The system is referred to as the "Simulator Tank Gunfire: Main Weapons Effect Signature" in US service, with the cartridges referred to as Simulator, Flash, Artillery M21.

==Description==
The Hoffman simulator mounts to a bracket which is mounted somewhere near the front of a tank's turret. On the M1 Abrams it is clamped to the bore evacuator, while on recent variants of the Leopard 2 it is mounted on the frontal turret armor.
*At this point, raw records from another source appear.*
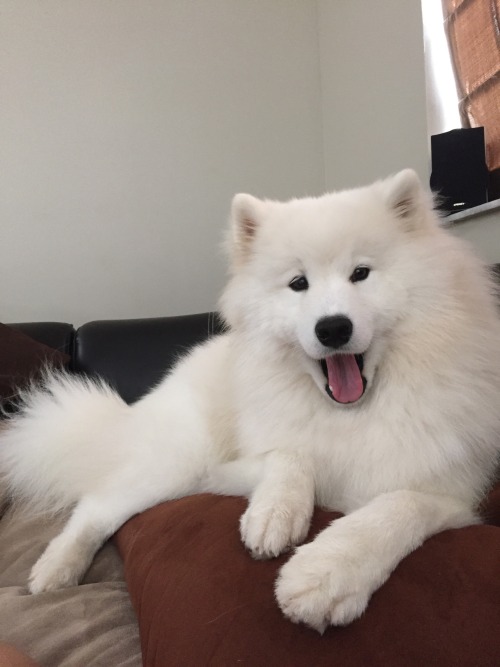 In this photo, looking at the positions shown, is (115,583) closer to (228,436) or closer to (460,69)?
(228,436)

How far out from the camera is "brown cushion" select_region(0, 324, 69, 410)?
2.33 meters

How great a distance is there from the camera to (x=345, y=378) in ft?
3.95

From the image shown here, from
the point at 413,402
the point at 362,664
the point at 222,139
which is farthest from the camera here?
the point at 222,139

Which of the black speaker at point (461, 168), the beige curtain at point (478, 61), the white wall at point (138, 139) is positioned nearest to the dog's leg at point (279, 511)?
the black speaker at point (461, 168)

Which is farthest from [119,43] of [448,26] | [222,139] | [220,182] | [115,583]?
[115,583]

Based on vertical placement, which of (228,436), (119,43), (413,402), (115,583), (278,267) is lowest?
(115,583)

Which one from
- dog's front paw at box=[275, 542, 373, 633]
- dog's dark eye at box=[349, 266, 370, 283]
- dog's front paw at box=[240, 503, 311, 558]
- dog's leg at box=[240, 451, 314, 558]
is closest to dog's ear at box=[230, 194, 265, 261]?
dog's dark eye at box=[349, 266, 370, 283]

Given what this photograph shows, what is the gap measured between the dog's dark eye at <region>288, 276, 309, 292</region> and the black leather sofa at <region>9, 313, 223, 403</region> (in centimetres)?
133

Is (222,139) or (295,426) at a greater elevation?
(222,139)

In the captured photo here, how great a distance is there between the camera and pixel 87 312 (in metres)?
3.35

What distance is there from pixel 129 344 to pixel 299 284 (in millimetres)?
1588

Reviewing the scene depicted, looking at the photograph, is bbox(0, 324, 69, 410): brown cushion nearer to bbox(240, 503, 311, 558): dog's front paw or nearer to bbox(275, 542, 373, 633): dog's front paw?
bbox(240, 503, 311, 558): dog's front paw

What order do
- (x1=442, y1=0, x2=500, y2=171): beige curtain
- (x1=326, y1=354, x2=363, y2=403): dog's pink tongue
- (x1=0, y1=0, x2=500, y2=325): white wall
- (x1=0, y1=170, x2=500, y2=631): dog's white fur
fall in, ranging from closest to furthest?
1. (x1=0, y1=170, x2=500, y2=631): dog's white fur
2. (x1=326, y1=354, x2=363, y2=403): dog's pink tongue
3. (x1=442, y1=0, x2=500, y2=171): beige curtain
4. (x1=0, y1=0, x2=500, y2=325): white wall

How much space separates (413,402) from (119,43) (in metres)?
3.32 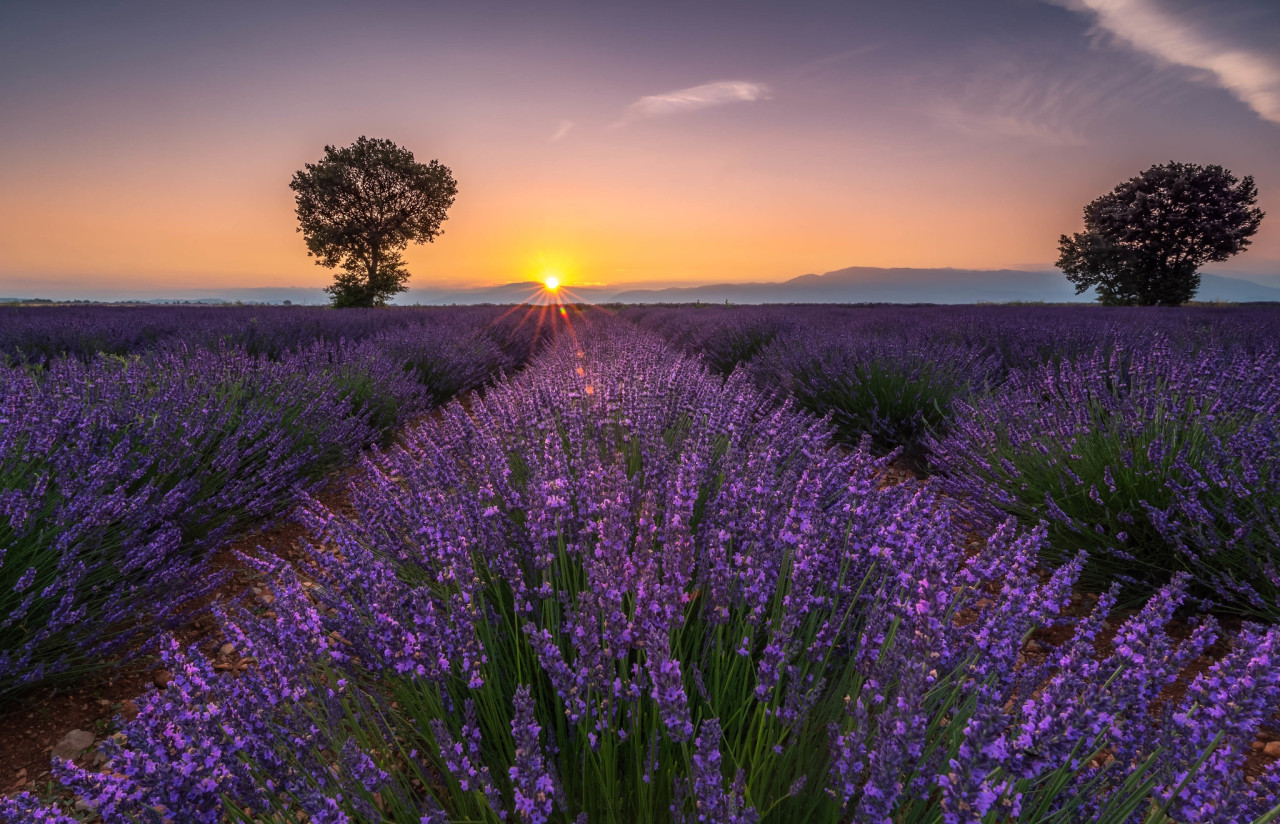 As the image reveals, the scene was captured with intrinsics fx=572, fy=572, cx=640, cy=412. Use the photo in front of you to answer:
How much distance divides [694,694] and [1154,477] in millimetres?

The system is manually loaded and fired electrically, with firing linked to the trigger of the tank's main gun.

==History==
Over the course of 20 years of service with the US Army, the Hoffman Device acquired a reputation for being prone to accidental discharges: while it is only supposed to fire when triggered electrically, there were numerous cases where static electricity or other local electrical fields resulted in uncommanded firing. A series of internal documents obtained by CBS News in 2003 included statements that "the ammunition is always unsafe" and that many of the devices were "an accident waiting to happen."

In early 2004, modifications were made to Hoffman simulators to prevent uncommanded firing, and a notification was circulated stating that any unmodified devices found in stock should be destroyed.